When I was in fifth grade Mr. Cohagen gave me a B – my first B – in math. I felt sure a B didn’t suit me. Eleven-year-old me decided I couldn’t rest until this B was out of my life. I went to Mr. Cohagen and talked myself into an A. To this day, I don’t know what made me think that I could “challenge” a grade – and I have absolutely no idea what it is I said…

All this to say, I’ve always held myself to a very high standard; with unrealistic expectations for myself, and the people in my life, I’m often left frazzled and disappointed. Today was a day where I came home from work, very late, and feeling both.  

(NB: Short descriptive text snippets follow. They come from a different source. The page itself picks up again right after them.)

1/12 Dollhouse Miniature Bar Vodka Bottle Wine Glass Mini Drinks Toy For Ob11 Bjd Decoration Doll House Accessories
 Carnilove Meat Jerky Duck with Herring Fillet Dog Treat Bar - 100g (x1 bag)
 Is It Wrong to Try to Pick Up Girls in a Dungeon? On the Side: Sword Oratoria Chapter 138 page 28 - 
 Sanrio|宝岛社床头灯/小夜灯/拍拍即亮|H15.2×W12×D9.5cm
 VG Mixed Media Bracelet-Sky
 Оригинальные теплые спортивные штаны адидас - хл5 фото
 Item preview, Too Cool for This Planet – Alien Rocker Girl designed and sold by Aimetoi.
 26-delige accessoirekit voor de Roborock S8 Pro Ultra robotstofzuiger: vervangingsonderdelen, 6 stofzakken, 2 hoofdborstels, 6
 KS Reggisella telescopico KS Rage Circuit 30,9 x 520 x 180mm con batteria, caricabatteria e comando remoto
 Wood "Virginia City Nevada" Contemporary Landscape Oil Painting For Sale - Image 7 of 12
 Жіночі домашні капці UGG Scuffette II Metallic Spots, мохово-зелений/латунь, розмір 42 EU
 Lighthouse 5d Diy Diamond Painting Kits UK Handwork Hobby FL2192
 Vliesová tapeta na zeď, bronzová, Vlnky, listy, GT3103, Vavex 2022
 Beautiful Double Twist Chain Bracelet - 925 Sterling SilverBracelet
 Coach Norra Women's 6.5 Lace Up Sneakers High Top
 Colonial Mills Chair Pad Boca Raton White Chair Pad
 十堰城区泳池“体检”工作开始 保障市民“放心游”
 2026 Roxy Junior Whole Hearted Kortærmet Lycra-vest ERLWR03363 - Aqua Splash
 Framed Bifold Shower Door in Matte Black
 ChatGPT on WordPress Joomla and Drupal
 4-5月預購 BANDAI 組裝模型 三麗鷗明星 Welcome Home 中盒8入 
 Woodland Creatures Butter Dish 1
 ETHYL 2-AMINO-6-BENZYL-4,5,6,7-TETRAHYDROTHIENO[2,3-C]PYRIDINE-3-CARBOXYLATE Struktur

I chose an industry where things move fast and faster; an environment where if the client says jump, our only question is how we should bill it. And for the most part I’m a person who does best in over-drive – but there are days – like today, where I question why I have to be like this.

I know there are plenty of people who’ve achieved balance – but it completely eludes me. I am all-or-nothing, all the time. Up until this point, I’ve owned this trait without apology, and if I’m honest, maybe even a little arrogance.  

But like so many things in my life, being married has sort of shaken things up. My all-or- nothing intensity is no longer just something that I have to deal with. My husband is an innocent bystander whom I often realize, when I take a second to look back, is being dragged along for the ride. And much to my surprise – mirrored back in his eyes – I don’t like what I see. I don’t want to be that stressed out, high-strung, over-committed cliché.

I want to be someone who can have kids (someday when the time is right – don’t get any ideas mom!) and not worry about who I am without my job. I want to be someone who is comfortable with who I am, regardless of what I do. I want to be someone who gives more to my husband and my relationships than I give to my work.  

I want to be someone who lives for today – and I am so not that person. See right now, I’m stressing out about the fact that I stress out too much!  

At the end of the day, I think it’s about letting go. In retrospect, talking Cohagen into an A wasn’t a triumph – it was like feeding the little control freak inside of me. I can’t control everything – and I can’t worry about how it all looks. I have to take a deep breath, lay off the Diet Coke and enjoy my life. DEEP BREATH.

Deep Breath…. OK, now what?

It’s official – I’m hopeless. Sorry Eric!

 

DISCLAIMER: That is just a really cute picture of my dog - no relevance whatsoever! These things just look so wordy without a picture!

 

Comments

As a recovering control freak, I identify completely with your angst. "Letting go," as you call it, sounds lovely--but it's a bit idealistic. The irony is that controllers often treat "letting go" like all the other parts of their life: it's part of the agenda, another way to overachieve. (Look at me! I'm letting go! Another gold star for Caroline!) Hear the irony?

Don't flog yourself for loving hard work. But those of us who work hard should always ask "Who's getting the glory for all this?" "Am I putting labor ahead of love?" "Did Jesus get any of the best parts of me today?"

I like growing older. Some switches are meant to shut off with time. It sounds like all of your switches are running at full power right now--not a bad thing at all--but don't be surprised if you blow a fuse every now and then. (But even that's good because you get to sit in the dark for awhile with God.)

I like growing older too.

Lindsey, I loved your post! And I loved that you're already thinking about relationships over work, sanity over insanity. It's all a process, and God has wired us all differently. He knows who His A Types are, and He delights in what they can do for His kingdom as much as He delights in His B Types. He'll definitely mold us, shape us, and smooth our rough edges, but He's gifted us and wired us for His work. Embrace that, dear control freak. :)

Growing older has helped me see that.